You know what, let’s get a second opinion. Here’s C++. I going to want a million numbers, I’ll put them in the vector xs, and I know how many numbers I’m going to put in there, so let’s actually say that in advance – there is a bunch more typing involved in C++ compared to Python.
#include <random>
#include <vector>
#include <algorithm>
#include <limits>
using namespace std;
using T = uint32_t;
c++
int main() {
random_device rd;
mt19937 gen(rd());
uniform_int_distribution<> rand(
numeric_limits<T>::min(),
numeric_limits<T>::max() );
int n = 1000000;
vector<T> xs;
xs.reserve(n);
for( int i=0; i<n; ++i ) {
xs.push_back( rand(gen) );
}
}
We didn’t actually measure how long it took to generate the list in Python, but it looked like it was pretty quick. Let’s confirm that. Compile with modern C++, optimisations on.
> clang++ -std=c++2a -O2 sort.cpp
time ./a.out
./a.out 0.01s user 0.00s system 4% cpu 0.399 total
Just making the list takes pretty much no time: that’s good. Now let’s sort it.
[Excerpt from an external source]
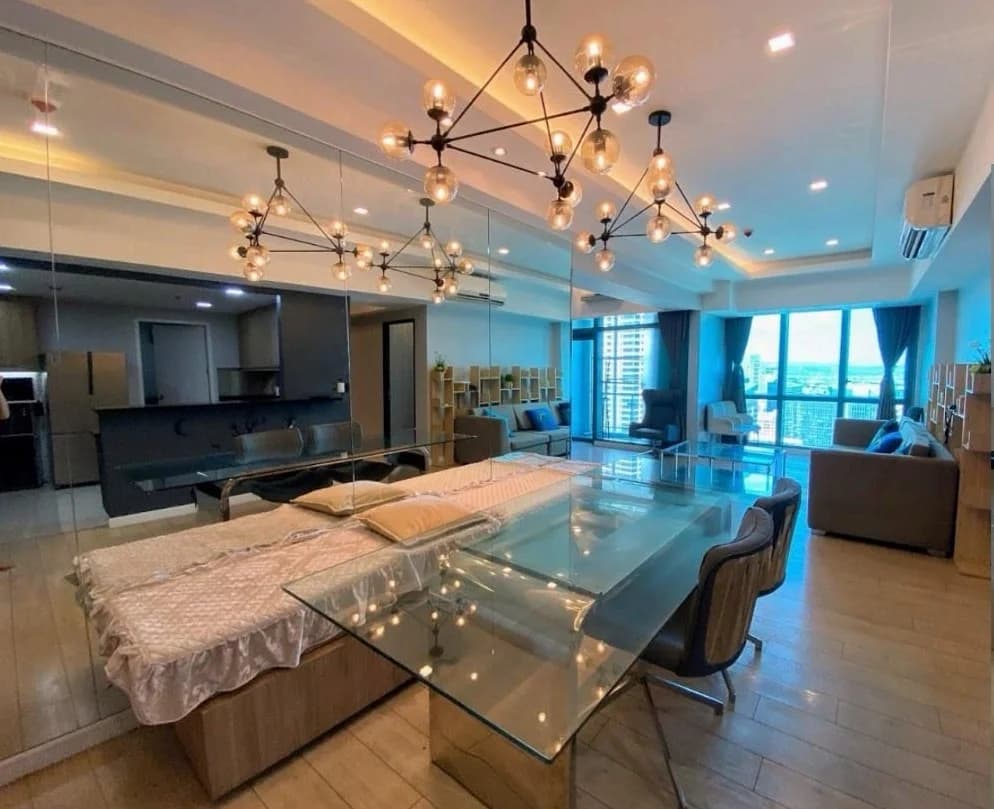 8 Forbestown Road | 2BR 110sqm Condo for Rent in Taguig City - Bgc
sort( xs.begin(), xs.end() );
> time ./a.out
0.10s user 0.00s system 27% cpu 0.374 total
OK, that’s faster than Python, but not completely different: a tenth of a second. That’s still a measureable amount of time; it’s something that could add up. Oh, one more thing, let’s see if this also gets faster if the list is already sorted. Let’s sort it … eh, a hundred times!
for( int i=0; i<100; ++i ) {
sort( xs.begin(), xs.end() );
}
> time ./a.out
./a.out 0.17s user 0.00s system 49% cpu 0.355 total
Wow, that only takes 0.17 seconds. In less than twice the time, we can sort this list a hundred times!
I mean, that’s not really what’s going on, right? We call sort a hundred times. The list will already be sorted after the first call, so this is a bit of a weird experiment. In less than twice the time of sorting the list, we can sort the list once, and then – while the memory is probably fairly hot – “sort” that sorted list 99 more times.
You have to be a bit careful if you’re actually measuring what you’re trying to measure, and if that makes sense. And this entire thing wasn’t to say that C++ is a better programming language or something: the Python code was certainly much easier to write in this case. But your language choice can make a big difference!
You might worry a little bit that maybe the compiler knew that sorting a list makes it sorted, and that sorting a sorted list doesn’t do anything – but I checked the generated code, and that doesn’t seem to be the case. It looks like it really is calling sort a hundred times. This sort function is just really good at not wasting time on sorted lists.
So we did some ad hoc experiments to get a feel for the situation. And we already ran into some complications! It made a huge difference whether the data was already sorted. Indeed, bubble sort is efficient on nearly-sorted lists! And so is, for example, insertion sort. If you look at the code generated in our small example, you’ll see heap sort, something called introsort – more on that in a second – and hey! Insertion sort. Well, would you look at that. That could actually explain why sorting the sorted list was so fast. This disassembly is a bit much to go into here, but it looks like it uses various sorting algorithms in combination!